I get that not every marketer, or every boss, craves the thrill of a big, hairy bet.
But if we learn so much more from mistakes than we do from successes, then we need to program them in. That means taking controlled risks whenever we get the chance.
In truth, I’m still figuring out how to balance caution with ambition. Some days, I’m the confident risk-taker, other days, I’m wearing body armor under my hoodie because I’m terrified of messing up…
Yet I keep returning to that fundamental question: do we play to win or play not to lose?
If you’ve got a perfectly rational reason for squashing the 80/20 rule, I’d love to hear it – no sarcasm intended (okay, maybe a little).
But that’s the puzzle, right? Are we ready to lean into the bold unknown next? Or are we just treading water?
Action
Leaning into the 80/20 rule requires both fierce determination and a touch of vulnerability. Here’s how I’m attempting it (emphasis on ‘attempting’):
1) I push myself out of my Comfort Zone – I remind myself that playing defense (ahem, autopilot campaigns) is comfortable but rarely yields breakthroughs.
2) I learn new skills – I always ask my team to keep a dedicated slice of the ad budget. Start with 5% if 20% sounds terrifying – to test new channels, creative angles, or audiences every single week or month.
3) I want to create not just average, but exceptional value – I ask my team to measure results obsessively, but I also cut everyone all the slack when experiments flop. After all, flops are just stepping stones to bigger wins.
4) I move up faster and get better – I celebrate the small victories and openly share the “learning opportunities” (read: fiascos :). Turns out, transparency fosters a culture where risk isn’t … a four-letter word. If I’ve learned anything, it’s that bravery today builds the momentum for tomorrow—both in marketing and in life. Let’s keep testing, and see where that leads us. I’m still learning daily.
(Btw, the above 4 steps follow my Return on Marketing Career (RoMC) framework - to learn about RoMC, read this post.)

References
In a 2022 Deloitte “CMO Survey” of over 300 marketing leaders, 54% who allocated at least 20% of their budgets to untested channels reported a 40% higher brand engagement year over year.

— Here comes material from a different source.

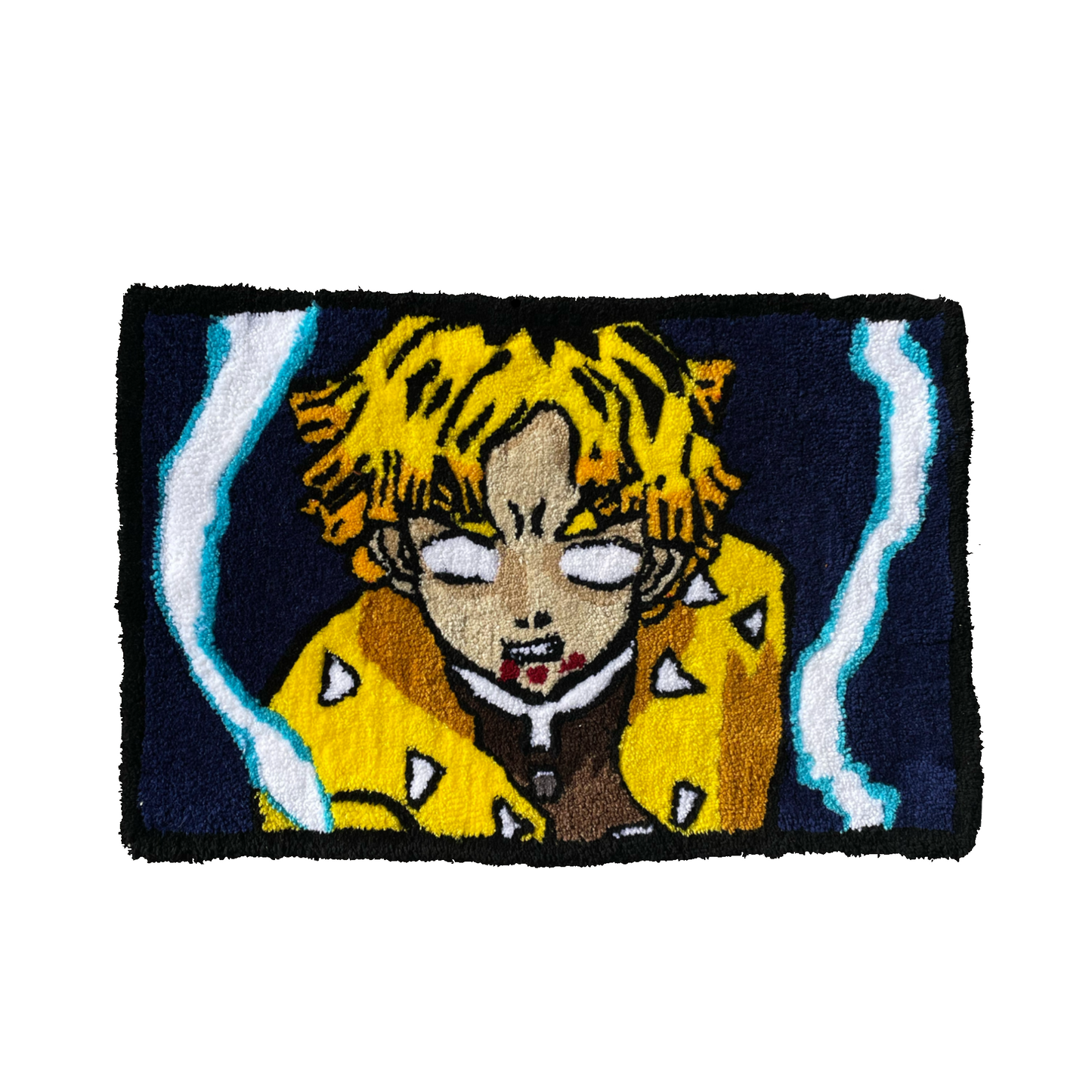 Lighting God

Harvard Business Review has similarly championed structured risk-taking in marketing, highlighting that “only by systematically testing new ideas can organizations outpace competitors.”
Meanwhile, Google’s 70-20-10 principle, originally introduced under Eric Schmidt’s leadership, recommends investing 70% of resources in core products, 20% in related growth, and 10% in breakthrough innovations.
This framework helps maintain stability while fueling bold experimentation.
A 2019 Boston Consulting Group study revealed that companies committed to an 80/20 or similar mixed approach were 1.5 times more likely to achieve higher-than-average ROI from digital campaigns.
Finally, Forrester Research emphasizes that performance marketing success hinges on balancing caution with innovation, advising that “brand equity suffers when marketers remain perpetually risk-averse.”
Taken together, these sources reinforce the notion that a strategic blend of safety and risk can unlock superior returns, both in digital marketing and organizational growth.
No wonder the 80/20 concept endures.